---------- Study material

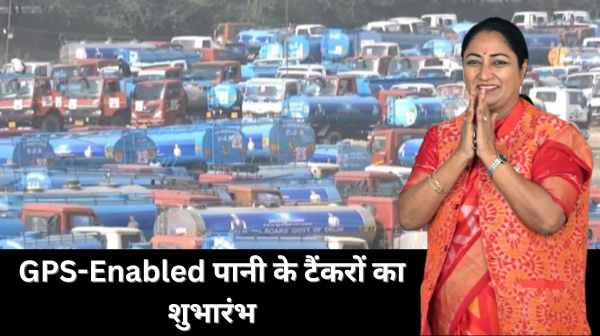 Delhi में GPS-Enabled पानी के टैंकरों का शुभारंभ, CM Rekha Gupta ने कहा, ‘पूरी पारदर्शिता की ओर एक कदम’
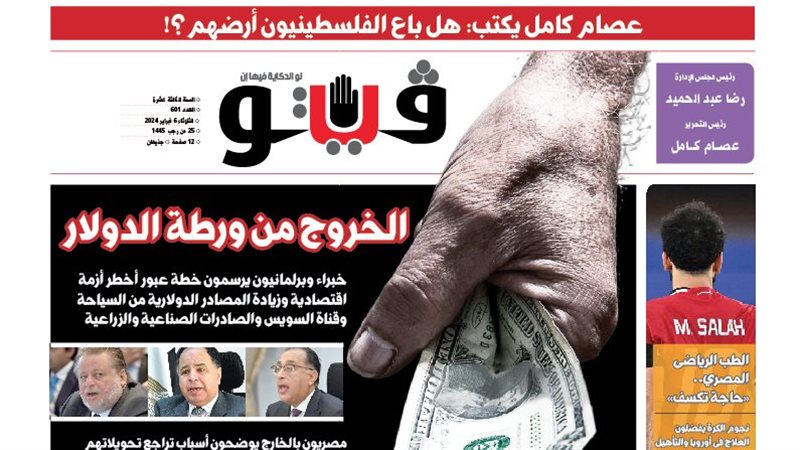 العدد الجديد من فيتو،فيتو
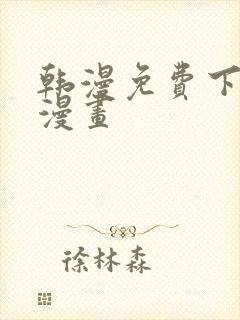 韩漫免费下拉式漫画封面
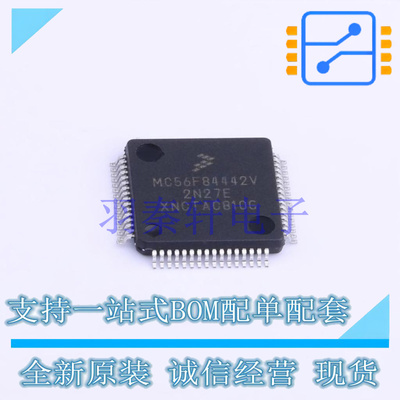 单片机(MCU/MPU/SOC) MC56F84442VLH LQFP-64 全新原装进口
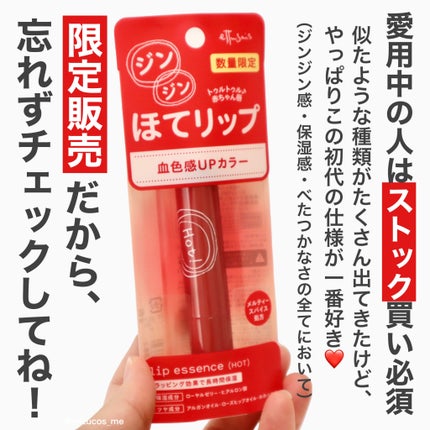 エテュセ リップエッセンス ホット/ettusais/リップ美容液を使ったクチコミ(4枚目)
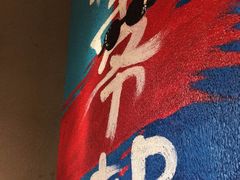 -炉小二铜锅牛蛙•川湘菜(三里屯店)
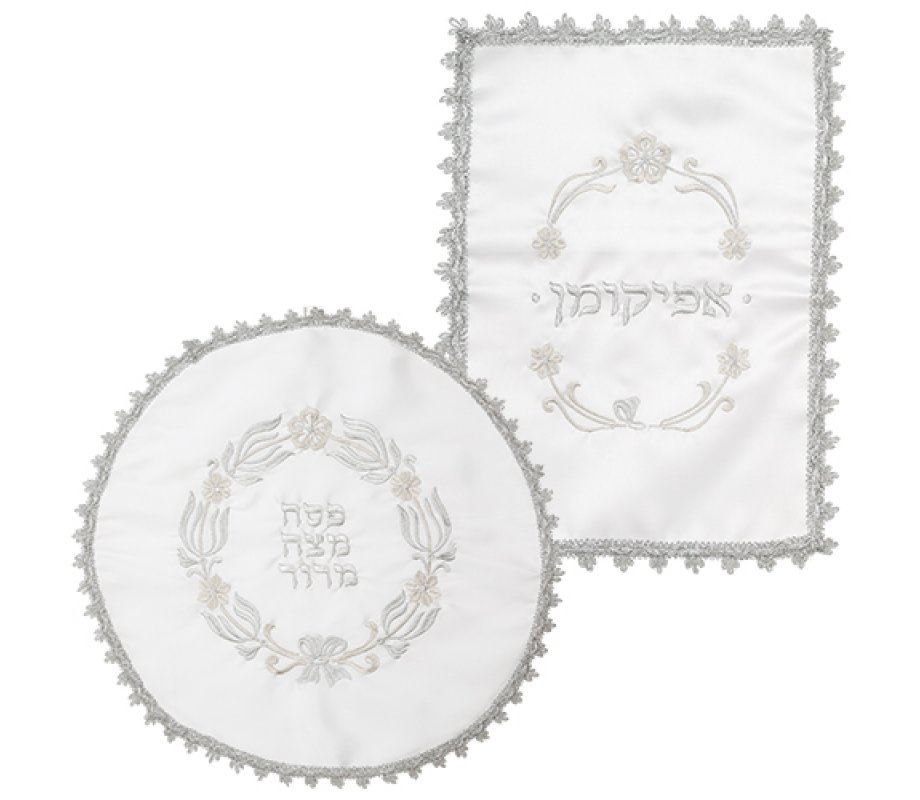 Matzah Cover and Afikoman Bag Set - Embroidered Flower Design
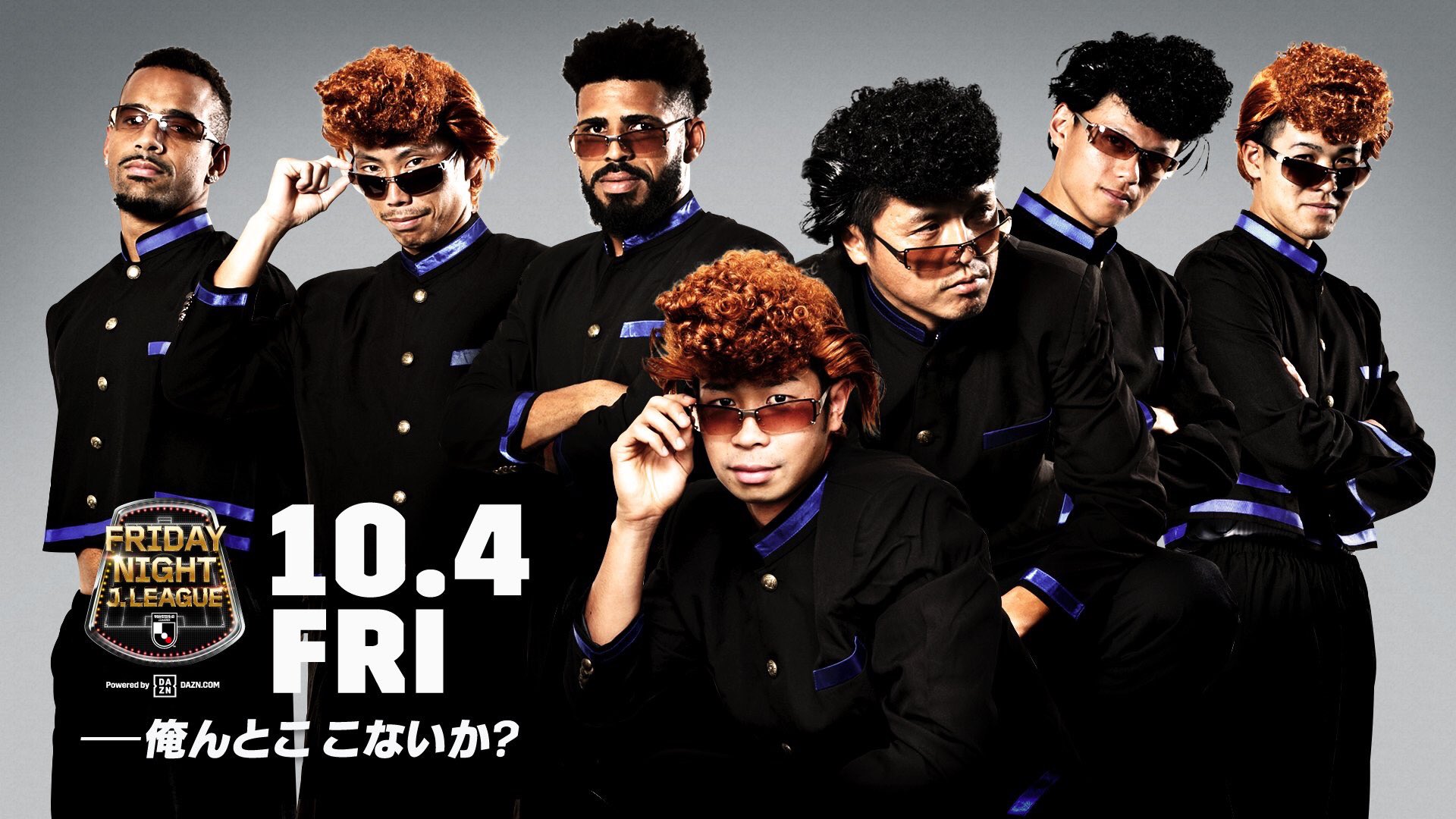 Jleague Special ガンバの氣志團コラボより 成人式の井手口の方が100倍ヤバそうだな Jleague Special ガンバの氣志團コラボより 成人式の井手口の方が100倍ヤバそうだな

--------------------

_To do_
Word for word, repeat only the lines from the line containing "Matzah Cover and" through the end of the data, without any pictures.

_Reply_
 Matzah Cover and Afikoman Bag Set - Embroidered Flower Design
 Jleague Special ガンバの氣志團コラボより 成人式の井手口の方が100倍ヤバそうだな Jleague Special ガンバの氣志團コラボより 成人式の井手口の方が100倍ヤバそうだな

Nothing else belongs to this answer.